Prophets and the Profane

by FrenchTwistResistance



Series: I’ve Always Been Crazy But It’s Kept Me from Going Insane [24]
Category: Chilling Adventures of Sabrina (TV 2018)
Genre: F/F
Language: English
Status: Completed
Published: 2020-09-28
Updated: 2020-09-28
Packaged: 2021-03-07 16:20:55
Rating: Teen And Up Audiences
Warnings: No Archive Warnings Apply
Chapters: 1
Words: 1,624
Publisher: archiveofourown.org
Story URL: https://archiveofourown.org/works/26690551
Author URL: https://archiveofourown.org/users/FrenchTwistResistance/pseuds/FrenchTwistResistance
Summary: Mary and Hilda have a discussion about the water heater and also not that at all.
Relationships: Hilda Spellman/Mary Wardwell | Madam Satan | Lilith, Hilda Spellman/Original Mary Wardwell
Series: I’ve Always Been Crazy But It’s Kept Me from Going Insane [24]
Series URL: https://archiveofourown.org/series/1597594
Kudos: 3





	Prophets and the Profane

The water heater’s been patched and might well work for another few months, but ultimately it needs wholly replaced.

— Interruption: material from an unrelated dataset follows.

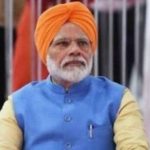 पंतप्रधानांच्या दौऱ्यापूर्वी शाळांना उडवून देण्याची धमकी:शाळा बंद केल्या, चंदीगड-मोहाली पोलीस हाय अलर्टवर; काल खलिस्तानी घोषणा लिहिल्या होत्या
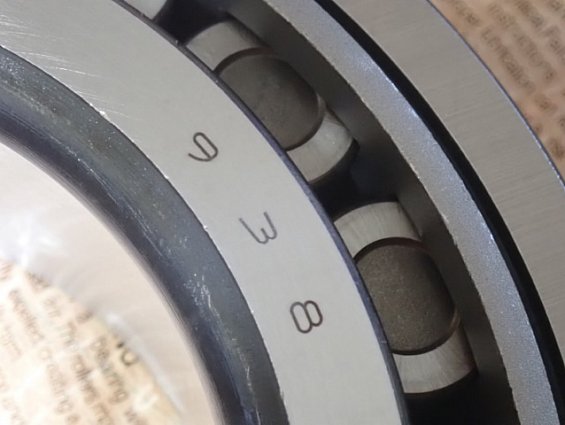 Подшипник TIMKEN 938/932 938-932 USA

And ain’t that a kick in the head.

Lilith had given her report that Nicholas Scratch’s Lucifer-inhabited body was stable, perhaps even a bit stronger than before their aborted attempt at a power grab. At the end of her rolled-eyes, affected-indifference monologue, Hilda had placed a hand on her forearm, looked into her eyes, attempted to connect with her and communicate to her that she wanted to talk. But Lilith had simply put on a pair of dark sunglasses and said she had places to be.

Of course, Hilda’s known or at least suspected that Lilith’s been unhappy, unsatisfied, and unfulfilled for quite some time now. That pre-Lilith-revelation discussion they’d had about freedom and self-determination and the natural order on their trip to see the feral horses in Maryland keeps popping into her brain, especially now that she’s got more information—maybe not the complete story, but what she’s got is compelling and illuminating enough to make her think some different things—and she juxtaposes this newly known Lilith with the Lilith she’s had fun with, known intimately, seen in action. She considers Lilith’s position in Hell and what Lilith had expected and what had been her lived reality, what she had yearned for and what had been denied her, what she had been assigned to and what she is currently enduring. At least Hilda had chosen to guide and care for Sabrina. It’s not an easy task, and she wouldn’t wish it on someone unprepared for it. Especially under this specific circumstance, given the history and unspoken agreements. She can’t imagine the level of rejection Lilith is experiencing—it’s got to feel like total betrayal, a complete abandonment.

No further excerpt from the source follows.